By definition sentiment analysis is the process of extraction and analysis of public opinion from any sort of source material using natural language processing, text analysis and computational linguistics. In essence, we try to get the subjective information from a document, usually written. This can help determining the attitude and emotional state of the author or speaker on some certain topic. The simplest task of sentiment analysis is finding out whether the text has a negative or positive attitude. It can even be translated to good or bad. A little more complex is to rank the attitude in a scale of 1 to 5. This gets way more complicated when emotional states like “happy”, “sad”, or “angry” are added as parameters. Based on this analysis of sentiment can be classified in a few ways:
- Polarity or valence
- Emotional state or feelings
- Subjectivity or objectivity identification
Sentiment analysis draws ideas and techniques from statistics, natural language processing, machine learning and a few more. The massive amount of data found in the web is overwhelming if not sorted out. Statistics helps to get a count of words and sentence patterns to give a overview of the document’s polarity. Natural language processing techniques give more accuracy by breaking the sentences in to tokens with weights. Machine learning refine the result further more by learning from previously analyzed data and modifying the algorithms.
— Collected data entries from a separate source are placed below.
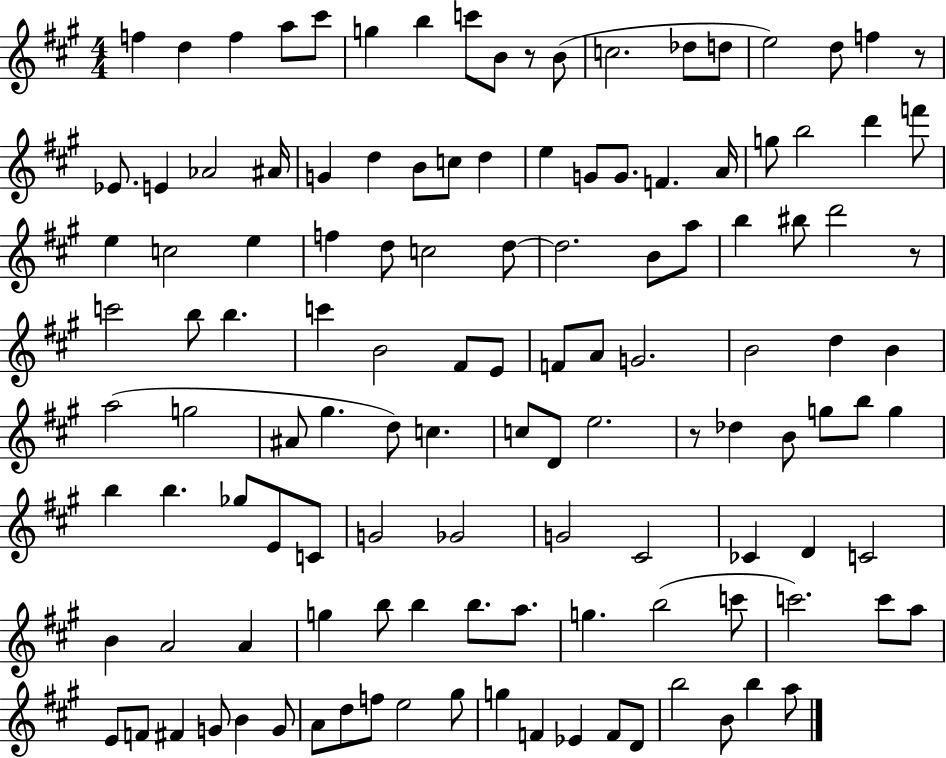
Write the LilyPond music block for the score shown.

{
  \clef treble
  \numericTimeSignature
  \time 4/4
  \key a \major
  f''4 d''4 f''4 a''8 cis'''8 | g''4 b''4 c'''8 b'8 r8 b'8( | c''2. des''8 d''8 | e''2) d''8 f''4 r8 | \break ees'8. e'4 aes'2 ais'16 | g'4 d''4 b'8 c''8 d''4 | e''4 g'8 g'8. f'4. a'16 | g''8 b''2 d'''4 f'''8 | \break e''4 c''2 e''4 | f''4 d''8 c''2 d''8~~ | d''2. b'8 a''8 | b''4 bis''8 d'''2 r8 | \break c'''2 b''8 b''4. | c'''4 b'2 fis'8 e'8 | f'8 a'8 g'2. | b'2 d''4 b'4 | \break a''2( g''2 | ais'8 gis''4. d''8) c''4. | c''8 d'8 e''2. | r8 des''4 b'8 g''8 b''8 g''4 | \break b''4 b''4. ges''8 e'8 c'8 | g'2 ges'2 | g'2 cis'2 | ces'4 d'4 c'2 | \break b'4 a'2 a'4 | g''4 b''8 b''4 b''8. a''8. | g''4. b''2( c'''8 | c'''2.) c'''8 a''8 | \break e'8 f'8 fis'4 g'8 b'4 g'8 | a'8 d''8 f''8 e''2 gis''8 | g''4 f'4 ees'4 f'8 d'8 | b''2 b'8 b''4 a''8 | \break \bar "|."
}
Natural language processing is breaking down sentences into a language’s bare basic components, nouns, verbs, adverbs, pronouns, punctuations etc. By breaking down a sentence we can understand how a sentence is formed, whether it has negated words or not etc.
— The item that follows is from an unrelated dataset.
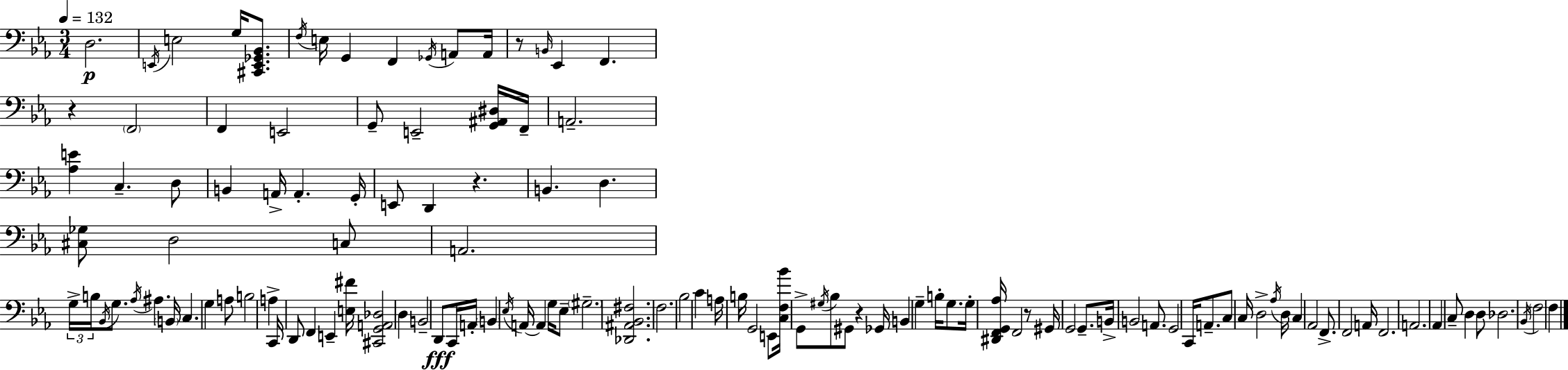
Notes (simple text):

D3/h. E2/s E3/h G3/s [C#2,E2,Gb2,Bb2]/e. F3/s E3/s G2/q F2/q Gb2/s A2/e A2/s R/e B2/s Eb2/q F2/q. R/q F2/h F2/q E2/h G2/e E2/h [G2,A#2,D#3]/s F2/s A2/h. [Ab3,E4]/q C3/q. D3/e B2/q A2/s A2/q. G2/s E2/e D2/q R/q. B2/q. D3/q. [C#3,Gb3]/e D3/h C3/e A2/h. G3/s B3/s Bb2/s G3/e. Ab3/s A#3/q. B2/s C3/q. G3/q A3/e B3/h A3/q C2/s D2/e F2/q E2/q [E3,F#4]/s [C#2,G2,A2,Db3]/h D3/q B2/h D2/e C2/s A2/s B2/q Eb3/s A2/s A2/q G3/s Eb3/e G#3/h. [Db2,A#2,Bb2,F#3]/h. F3/h. Bb3/h C4/q A3/s B3/s G2/h E2/e [C3,F3,Bb4]/s G2/e G#3/s Bb3/e G#2/e R/q Gb2/s B2/q G3/q B3/s G3/e. G3/s [D#2,F2,G2,Ab3]/s F2/h R/e G#2/s G2/h G2/e. B2/s B2/h A2/e. G2/h C2/s A2/e. C3/e C3/s D3/h Ab3/s D3/s C3/q Ab2/h F2/e. F2/h A2/s F2/h. A2/h. Ab2/q C3/e D3/q D3/e Db3/h. Bb2/s F3/h F3/q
An example of application of machine learning in sentiment analysis is the use of Support Vector Machine (SVM). This standard machine-learning technique is said to be the most accurate text classifier method. Naive Bayes classifier is another technique, a Bayes theorem based simple probabilistic classifier widely used in spam filtering, sorting emails, language detection and sentiment detection.
There are many examples of sentiment analysis in action in the internet. For example Sentdex goes through thousands of news articles, analyses words and brand names and provides infographics on the polarity of them.